(Exercise aim) Every line of the data below is to be duplicated exactly, pictures excepted.

+++ Supplied information +++

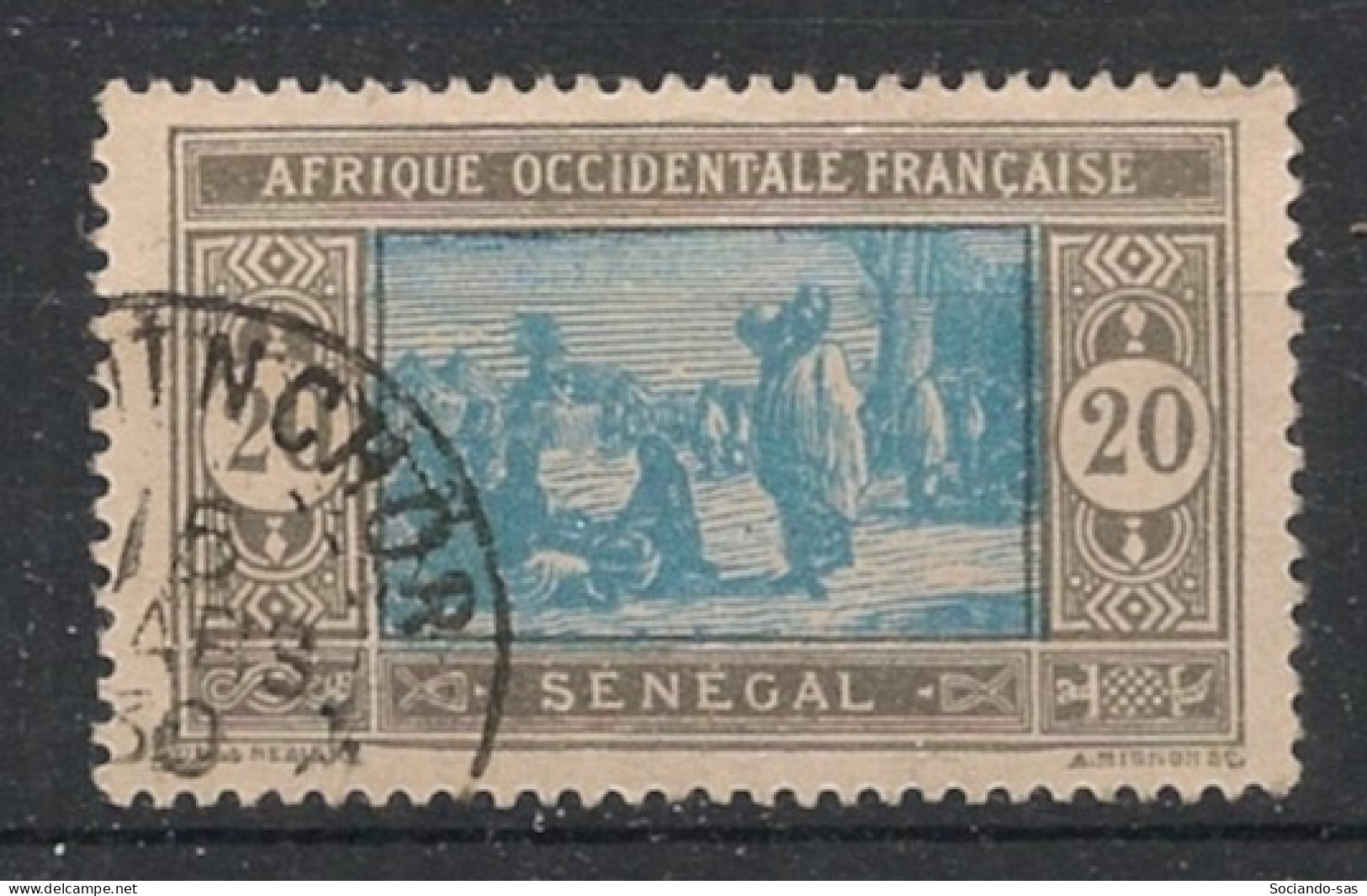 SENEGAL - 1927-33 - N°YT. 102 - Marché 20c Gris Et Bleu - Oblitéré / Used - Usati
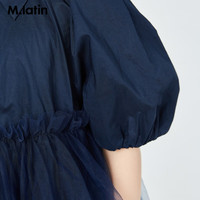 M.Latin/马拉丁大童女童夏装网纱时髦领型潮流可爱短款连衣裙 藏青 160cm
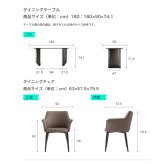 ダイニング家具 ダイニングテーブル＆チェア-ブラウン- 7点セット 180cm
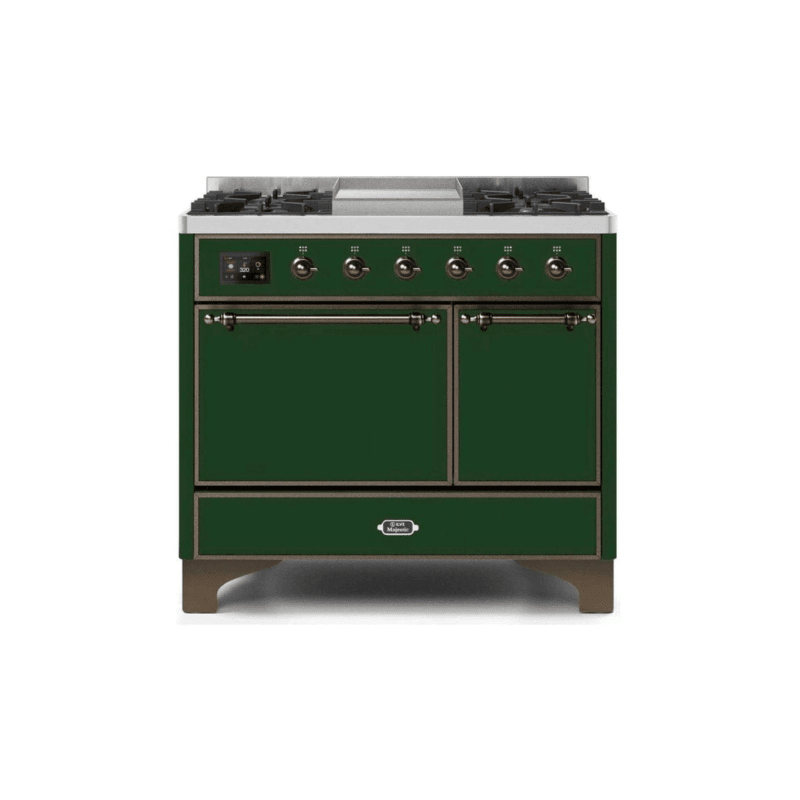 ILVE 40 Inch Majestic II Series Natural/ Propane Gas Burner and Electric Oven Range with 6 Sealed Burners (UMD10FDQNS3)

+++

(Answer section)
 SENEGAL - 1927-33 - N°YT. 102 - Marché 20c Gris Et Bleu - Oblitéré / Used - Usati
 M.Latin/马拉丁大童女童夏装网纱时髦领型潮流可爱短款连衣裙 藏青 160cm
 ダイニング家具 ダイニングテーブル＆チェア-ブラウン- 7点セット 180cm
 ILVE 40 Inch Majestic II Series Natural/ Propane Gas Burner and Electric Oven Range with 6 Sealed Burners (UMD10FDQNS3)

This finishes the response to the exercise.